§ WORK INSTRUCTIONS
Copy out every line holding the string "truck" from the records below.
RECORD EXTRACTS Start Marker
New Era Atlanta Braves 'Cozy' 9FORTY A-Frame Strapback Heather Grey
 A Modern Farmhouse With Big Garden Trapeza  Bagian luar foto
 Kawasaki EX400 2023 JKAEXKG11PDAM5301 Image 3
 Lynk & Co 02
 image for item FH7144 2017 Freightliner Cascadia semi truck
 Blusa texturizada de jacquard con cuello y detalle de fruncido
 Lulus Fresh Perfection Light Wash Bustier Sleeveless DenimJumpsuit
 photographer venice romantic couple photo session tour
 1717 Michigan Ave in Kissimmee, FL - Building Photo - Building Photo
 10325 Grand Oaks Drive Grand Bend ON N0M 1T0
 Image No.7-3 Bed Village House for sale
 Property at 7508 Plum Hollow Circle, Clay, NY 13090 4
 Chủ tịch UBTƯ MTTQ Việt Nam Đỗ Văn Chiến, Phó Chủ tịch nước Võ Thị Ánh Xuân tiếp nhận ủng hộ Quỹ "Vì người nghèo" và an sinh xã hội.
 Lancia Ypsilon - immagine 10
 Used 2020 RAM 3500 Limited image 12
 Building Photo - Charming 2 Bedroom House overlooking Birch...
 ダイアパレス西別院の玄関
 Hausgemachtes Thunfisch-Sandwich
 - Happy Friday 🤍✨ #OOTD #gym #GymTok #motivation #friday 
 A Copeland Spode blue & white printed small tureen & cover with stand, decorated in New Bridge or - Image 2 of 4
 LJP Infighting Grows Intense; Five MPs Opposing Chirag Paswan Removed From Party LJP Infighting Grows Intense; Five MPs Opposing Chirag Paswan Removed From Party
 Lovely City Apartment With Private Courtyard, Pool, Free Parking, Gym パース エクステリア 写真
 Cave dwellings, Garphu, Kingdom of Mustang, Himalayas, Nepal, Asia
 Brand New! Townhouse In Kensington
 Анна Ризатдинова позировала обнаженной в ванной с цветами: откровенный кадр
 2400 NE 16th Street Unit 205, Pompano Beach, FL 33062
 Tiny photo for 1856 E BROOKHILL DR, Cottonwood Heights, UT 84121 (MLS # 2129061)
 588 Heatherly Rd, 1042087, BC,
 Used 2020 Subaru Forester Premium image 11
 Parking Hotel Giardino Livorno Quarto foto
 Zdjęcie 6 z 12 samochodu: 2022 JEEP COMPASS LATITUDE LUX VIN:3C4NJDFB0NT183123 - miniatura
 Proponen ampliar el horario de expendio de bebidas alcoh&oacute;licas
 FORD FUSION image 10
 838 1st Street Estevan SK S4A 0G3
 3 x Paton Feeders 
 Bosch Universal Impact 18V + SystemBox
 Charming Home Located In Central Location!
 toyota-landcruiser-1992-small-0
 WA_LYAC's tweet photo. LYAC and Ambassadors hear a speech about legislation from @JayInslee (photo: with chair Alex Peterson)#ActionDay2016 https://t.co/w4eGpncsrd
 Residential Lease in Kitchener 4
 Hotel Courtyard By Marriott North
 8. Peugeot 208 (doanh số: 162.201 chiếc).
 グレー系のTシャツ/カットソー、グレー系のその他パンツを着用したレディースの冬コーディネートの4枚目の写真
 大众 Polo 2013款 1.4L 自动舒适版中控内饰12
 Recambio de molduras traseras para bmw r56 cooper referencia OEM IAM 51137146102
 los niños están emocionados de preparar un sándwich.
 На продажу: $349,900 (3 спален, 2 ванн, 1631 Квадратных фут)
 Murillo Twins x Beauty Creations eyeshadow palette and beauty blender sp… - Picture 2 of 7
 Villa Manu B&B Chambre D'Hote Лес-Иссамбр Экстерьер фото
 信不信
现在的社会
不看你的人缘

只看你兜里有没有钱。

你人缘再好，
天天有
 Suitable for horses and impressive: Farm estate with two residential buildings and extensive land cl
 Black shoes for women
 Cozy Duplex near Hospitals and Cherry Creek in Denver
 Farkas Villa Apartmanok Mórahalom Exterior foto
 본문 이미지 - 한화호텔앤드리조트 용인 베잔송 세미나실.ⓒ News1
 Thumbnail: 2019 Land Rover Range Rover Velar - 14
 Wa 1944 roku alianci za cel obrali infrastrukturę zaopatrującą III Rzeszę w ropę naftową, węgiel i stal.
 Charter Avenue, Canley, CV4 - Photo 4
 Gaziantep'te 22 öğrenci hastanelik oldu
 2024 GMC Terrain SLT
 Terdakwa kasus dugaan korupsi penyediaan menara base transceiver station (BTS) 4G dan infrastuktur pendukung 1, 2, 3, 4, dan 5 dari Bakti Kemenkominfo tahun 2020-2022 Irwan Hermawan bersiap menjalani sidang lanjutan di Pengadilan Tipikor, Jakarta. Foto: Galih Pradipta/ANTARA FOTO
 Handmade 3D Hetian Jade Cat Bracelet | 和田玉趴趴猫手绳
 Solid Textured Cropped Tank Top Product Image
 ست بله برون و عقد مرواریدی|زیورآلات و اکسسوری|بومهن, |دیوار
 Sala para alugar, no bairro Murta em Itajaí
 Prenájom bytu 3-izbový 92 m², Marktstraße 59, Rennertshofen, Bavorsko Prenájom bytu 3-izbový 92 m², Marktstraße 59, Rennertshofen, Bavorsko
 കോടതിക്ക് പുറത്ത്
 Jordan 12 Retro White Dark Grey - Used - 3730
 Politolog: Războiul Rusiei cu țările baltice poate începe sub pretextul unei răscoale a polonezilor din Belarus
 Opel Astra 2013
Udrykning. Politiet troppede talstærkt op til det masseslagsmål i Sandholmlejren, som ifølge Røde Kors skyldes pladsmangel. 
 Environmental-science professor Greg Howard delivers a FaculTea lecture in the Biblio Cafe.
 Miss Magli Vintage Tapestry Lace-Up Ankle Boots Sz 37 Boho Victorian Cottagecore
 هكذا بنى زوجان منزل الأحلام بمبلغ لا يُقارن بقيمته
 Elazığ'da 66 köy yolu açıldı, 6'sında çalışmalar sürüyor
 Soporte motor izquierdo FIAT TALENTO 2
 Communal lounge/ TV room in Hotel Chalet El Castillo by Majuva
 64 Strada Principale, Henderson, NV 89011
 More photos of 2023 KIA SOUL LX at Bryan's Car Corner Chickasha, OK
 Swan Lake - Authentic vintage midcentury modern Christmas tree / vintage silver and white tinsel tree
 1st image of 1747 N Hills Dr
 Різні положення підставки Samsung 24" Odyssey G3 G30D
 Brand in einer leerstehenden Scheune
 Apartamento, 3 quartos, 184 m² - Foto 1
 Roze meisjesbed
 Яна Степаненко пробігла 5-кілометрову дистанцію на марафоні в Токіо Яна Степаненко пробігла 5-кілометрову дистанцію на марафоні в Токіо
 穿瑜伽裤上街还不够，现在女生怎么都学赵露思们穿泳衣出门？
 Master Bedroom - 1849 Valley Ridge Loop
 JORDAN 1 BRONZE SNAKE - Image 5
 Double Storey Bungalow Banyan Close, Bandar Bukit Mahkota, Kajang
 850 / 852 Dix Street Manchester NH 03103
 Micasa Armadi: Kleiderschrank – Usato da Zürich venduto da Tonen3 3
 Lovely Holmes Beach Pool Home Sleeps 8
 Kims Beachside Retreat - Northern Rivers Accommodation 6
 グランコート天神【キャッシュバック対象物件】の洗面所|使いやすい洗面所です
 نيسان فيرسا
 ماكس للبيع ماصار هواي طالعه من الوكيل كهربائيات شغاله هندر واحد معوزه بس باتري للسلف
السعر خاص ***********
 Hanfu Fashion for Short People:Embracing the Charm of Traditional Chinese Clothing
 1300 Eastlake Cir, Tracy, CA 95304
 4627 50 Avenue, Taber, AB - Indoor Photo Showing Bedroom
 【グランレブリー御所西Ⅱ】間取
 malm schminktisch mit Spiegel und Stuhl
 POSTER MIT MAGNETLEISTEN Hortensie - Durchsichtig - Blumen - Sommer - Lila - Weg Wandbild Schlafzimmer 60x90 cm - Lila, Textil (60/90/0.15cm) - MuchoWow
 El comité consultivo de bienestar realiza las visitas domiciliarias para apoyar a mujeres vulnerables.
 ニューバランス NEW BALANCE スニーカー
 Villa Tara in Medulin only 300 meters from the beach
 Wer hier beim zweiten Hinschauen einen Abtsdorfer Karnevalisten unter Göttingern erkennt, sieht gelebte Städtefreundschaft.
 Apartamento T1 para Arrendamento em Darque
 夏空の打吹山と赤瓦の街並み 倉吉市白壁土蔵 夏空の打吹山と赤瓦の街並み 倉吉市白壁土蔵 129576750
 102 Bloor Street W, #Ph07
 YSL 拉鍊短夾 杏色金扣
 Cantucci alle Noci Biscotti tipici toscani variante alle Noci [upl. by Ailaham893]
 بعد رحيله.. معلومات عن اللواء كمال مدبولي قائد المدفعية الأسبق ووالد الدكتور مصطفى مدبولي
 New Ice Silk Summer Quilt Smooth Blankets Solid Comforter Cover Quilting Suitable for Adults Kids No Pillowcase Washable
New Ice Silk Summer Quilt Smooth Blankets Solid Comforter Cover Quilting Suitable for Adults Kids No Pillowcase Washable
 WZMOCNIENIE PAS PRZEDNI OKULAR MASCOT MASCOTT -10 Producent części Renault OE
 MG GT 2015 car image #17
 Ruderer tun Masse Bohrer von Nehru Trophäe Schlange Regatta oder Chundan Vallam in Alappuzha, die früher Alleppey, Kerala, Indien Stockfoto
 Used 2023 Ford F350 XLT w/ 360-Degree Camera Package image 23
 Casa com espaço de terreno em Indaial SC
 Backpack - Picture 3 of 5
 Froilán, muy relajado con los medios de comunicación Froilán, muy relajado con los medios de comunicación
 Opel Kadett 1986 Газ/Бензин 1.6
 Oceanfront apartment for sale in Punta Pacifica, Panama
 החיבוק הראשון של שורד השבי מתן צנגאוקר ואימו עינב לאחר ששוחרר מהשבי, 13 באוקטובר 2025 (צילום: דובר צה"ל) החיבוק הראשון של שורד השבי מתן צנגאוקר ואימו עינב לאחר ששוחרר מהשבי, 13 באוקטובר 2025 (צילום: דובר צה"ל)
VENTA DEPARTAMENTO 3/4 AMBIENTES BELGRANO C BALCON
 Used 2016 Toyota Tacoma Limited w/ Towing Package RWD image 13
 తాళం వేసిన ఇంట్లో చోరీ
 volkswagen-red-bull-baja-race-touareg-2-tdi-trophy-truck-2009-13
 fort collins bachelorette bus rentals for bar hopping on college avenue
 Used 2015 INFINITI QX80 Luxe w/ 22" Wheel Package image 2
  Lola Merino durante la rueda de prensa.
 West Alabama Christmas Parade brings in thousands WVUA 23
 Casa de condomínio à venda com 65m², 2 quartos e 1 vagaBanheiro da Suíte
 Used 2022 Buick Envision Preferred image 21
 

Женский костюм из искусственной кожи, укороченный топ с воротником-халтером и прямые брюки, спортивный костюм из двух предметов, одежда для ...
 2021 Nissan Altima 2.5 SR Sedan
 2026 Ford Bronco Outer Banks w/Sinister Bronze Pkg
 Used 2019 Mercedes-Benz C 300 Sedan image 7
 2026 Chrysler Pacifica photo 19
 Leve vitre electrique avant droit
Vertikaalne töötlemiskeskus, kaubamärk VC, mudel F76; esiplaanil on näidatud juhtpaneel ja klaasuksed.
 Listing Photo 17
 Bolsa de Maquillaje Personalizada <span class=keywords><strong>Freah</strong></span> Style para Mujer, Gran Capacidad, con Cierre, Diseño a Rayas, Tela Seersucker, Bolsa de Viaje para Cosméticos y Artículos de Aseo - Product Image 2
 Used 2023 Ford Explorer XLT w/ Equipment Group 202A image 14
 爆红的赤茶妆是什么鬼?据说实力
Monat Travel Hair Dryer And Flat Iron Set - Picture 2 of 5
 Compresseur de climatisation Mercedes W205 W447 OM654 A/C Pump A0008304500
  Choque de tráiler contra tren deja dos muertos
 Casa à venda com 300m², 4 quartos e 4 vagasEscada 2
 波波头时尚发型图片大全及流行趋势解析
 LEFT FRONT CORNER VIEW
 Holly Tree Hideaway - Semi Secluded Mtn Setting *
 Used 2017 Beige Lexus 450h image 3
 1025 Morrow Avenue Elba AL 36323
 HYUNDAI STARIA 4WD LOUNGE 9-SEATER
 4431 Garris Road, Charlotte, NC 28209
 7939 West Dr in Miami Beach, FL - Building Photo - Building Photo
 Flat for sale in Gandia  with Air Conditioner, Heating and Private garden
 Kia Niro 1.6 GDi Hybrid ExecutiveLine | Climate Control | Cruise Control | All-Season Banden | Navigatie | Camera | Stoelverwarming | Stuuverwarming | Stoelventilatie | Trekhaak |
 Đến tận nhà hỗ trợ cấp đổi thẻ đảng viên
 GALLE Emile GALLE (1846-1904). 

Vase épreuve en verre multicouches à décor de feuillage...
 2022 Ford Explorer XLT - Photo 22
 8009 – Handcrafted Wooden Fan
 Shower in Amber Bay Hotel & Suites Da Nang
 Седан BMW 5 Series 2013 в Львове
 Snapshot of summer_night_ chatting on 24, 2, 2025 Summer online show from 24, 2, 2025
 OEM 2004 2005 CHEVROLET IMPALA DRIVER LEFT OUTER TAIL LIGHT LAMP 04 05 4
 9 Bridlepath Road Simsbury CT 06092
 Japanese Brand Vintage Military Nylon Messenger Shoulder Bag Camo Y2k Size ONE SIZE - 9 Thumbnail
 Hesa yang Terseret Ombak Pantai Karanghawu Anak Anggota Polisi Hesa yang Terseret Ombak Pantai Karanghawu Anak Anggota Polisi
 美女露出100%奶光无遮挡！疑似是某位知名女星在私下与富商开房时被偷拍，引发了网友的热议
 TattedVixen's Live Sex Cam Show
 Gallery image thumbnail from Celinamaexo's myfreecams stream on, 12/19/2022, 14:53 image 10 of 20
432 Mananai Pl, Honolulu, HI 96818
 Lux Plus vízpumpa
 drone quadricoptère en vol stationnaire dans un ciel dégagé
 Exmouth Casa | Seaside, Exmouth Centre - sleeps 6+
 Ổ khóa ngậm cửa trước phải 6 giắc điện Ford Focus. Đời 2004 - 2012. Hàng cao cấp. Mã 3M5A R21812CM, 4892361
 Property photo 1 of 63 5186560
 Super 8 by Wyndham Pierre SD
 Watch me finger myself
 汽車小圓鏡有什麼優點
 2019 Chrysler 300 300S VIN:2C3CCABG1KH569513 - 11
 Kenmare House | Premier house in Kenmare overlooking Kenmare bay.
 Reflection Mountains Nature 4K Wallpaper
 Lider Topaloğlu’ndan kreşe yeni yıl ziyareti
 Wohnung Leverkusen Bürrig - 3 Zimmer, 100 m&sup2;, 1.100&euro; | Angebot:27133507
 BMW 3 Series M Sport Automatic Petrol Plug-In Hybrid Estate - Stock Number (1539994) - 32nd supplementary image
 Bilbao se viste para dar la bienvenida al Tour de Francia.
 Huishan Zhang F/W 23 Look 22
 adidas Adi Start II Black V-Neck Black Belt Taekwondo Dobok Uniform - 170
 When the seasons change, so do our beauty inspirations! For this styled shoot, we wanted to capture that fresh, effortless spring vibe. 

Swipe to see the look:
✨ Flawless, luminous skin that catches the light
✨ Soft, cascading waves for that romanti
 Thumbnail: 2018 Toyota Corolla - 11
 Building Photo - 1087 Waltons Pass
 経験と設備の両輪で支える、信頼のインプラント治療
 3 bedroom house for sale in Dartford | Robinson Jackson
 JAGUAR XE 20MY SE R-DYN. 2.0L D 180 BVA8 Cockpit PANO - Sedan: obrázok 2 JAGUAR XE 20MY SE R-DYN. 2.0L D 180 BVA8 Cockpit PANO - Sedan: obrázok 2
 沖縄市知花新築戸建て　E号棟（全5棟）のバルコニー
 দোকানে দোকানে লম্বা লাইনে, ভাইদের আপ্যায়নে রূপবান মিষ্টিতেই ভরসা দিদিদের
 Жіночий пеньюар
RECORD EXTRACTS End Marker
§ TASK RESPONSE
 image for item FH7144 2017 Freightliner Cascadia semi truck
 volkswagen-red-bull-baja-race-touareg-2-tdi-trophy-truck-2009-13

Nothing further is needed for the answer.